Supplied information:
• • • •

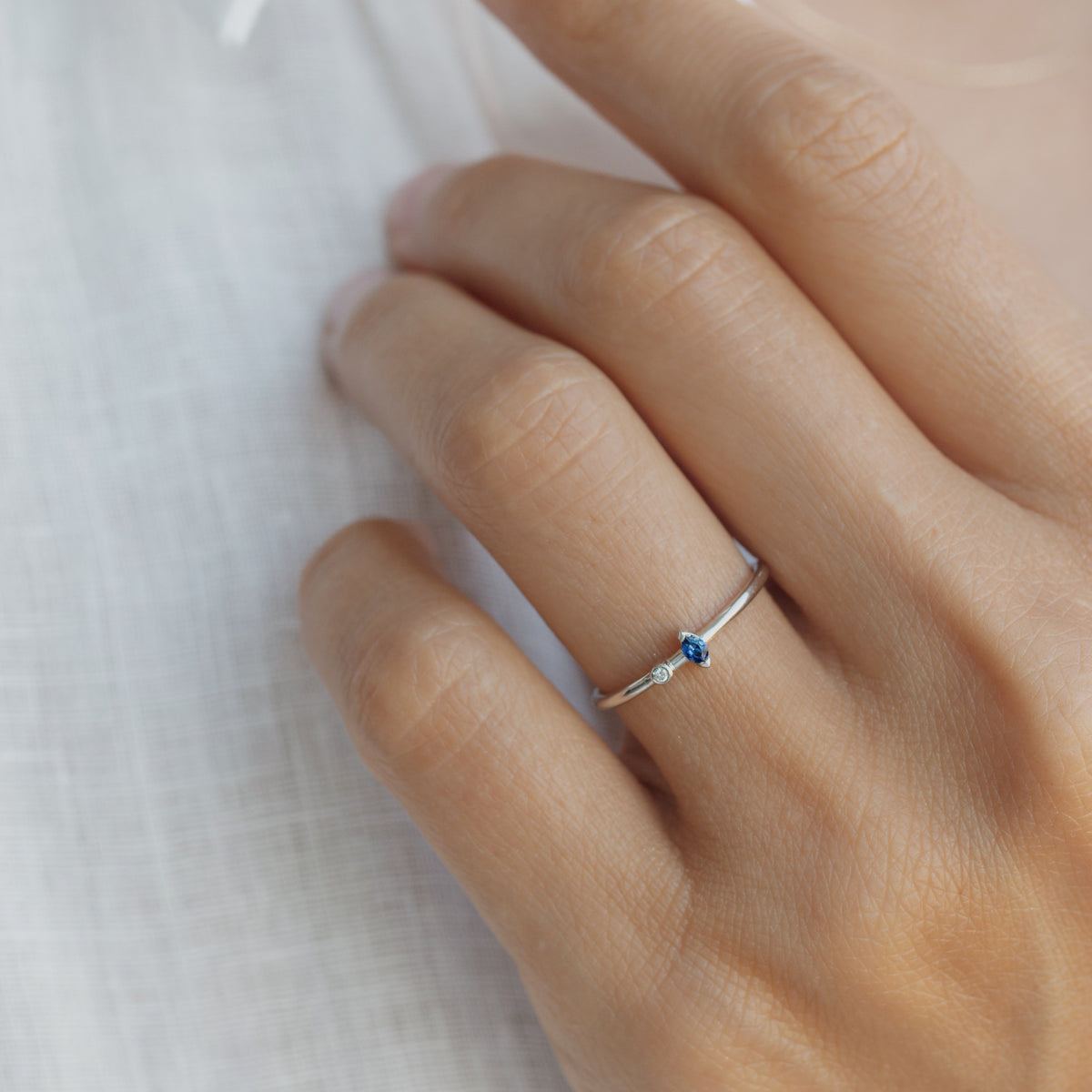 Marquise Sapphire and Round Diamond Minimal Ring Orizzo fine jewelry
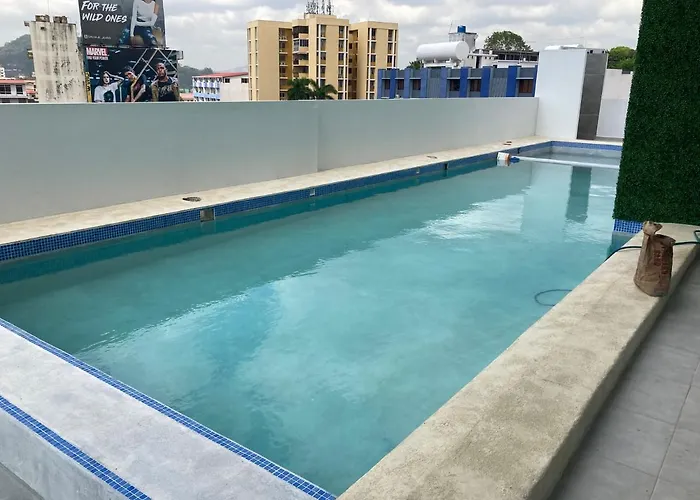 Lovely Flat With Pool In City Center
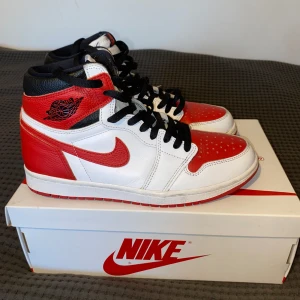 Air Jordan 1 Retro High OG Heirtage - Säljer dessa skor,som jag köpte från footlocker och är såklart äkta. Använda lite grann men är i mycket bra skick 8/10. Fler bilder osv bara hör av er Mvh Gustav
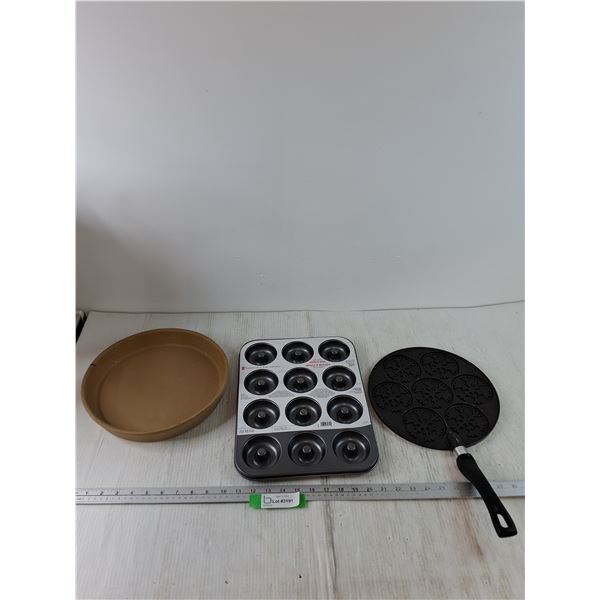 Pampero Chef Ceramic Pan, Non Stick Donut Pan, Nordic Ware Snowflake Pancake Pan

• • • •

Task to carry out: Leaving out the pictures, restate each line of the listing above verbatim, from the opening line to the line bearing "Air Jordan 1", inclusive, and no more.

Exercise response:
 Marquise Sapphire and Round Diamond Minimal Ring Orizzo fine jewelry
 Lovely Flat With Pool In City Center
 Air Jordan 1 Retro High OG Heirtage - Säljer dessa skor,som jag köpte från footlocker och är såklart äkta. Använda lite grann men är i mycket bra skick 8/10. Fler bilder osv bara hör av er Mvh Gustav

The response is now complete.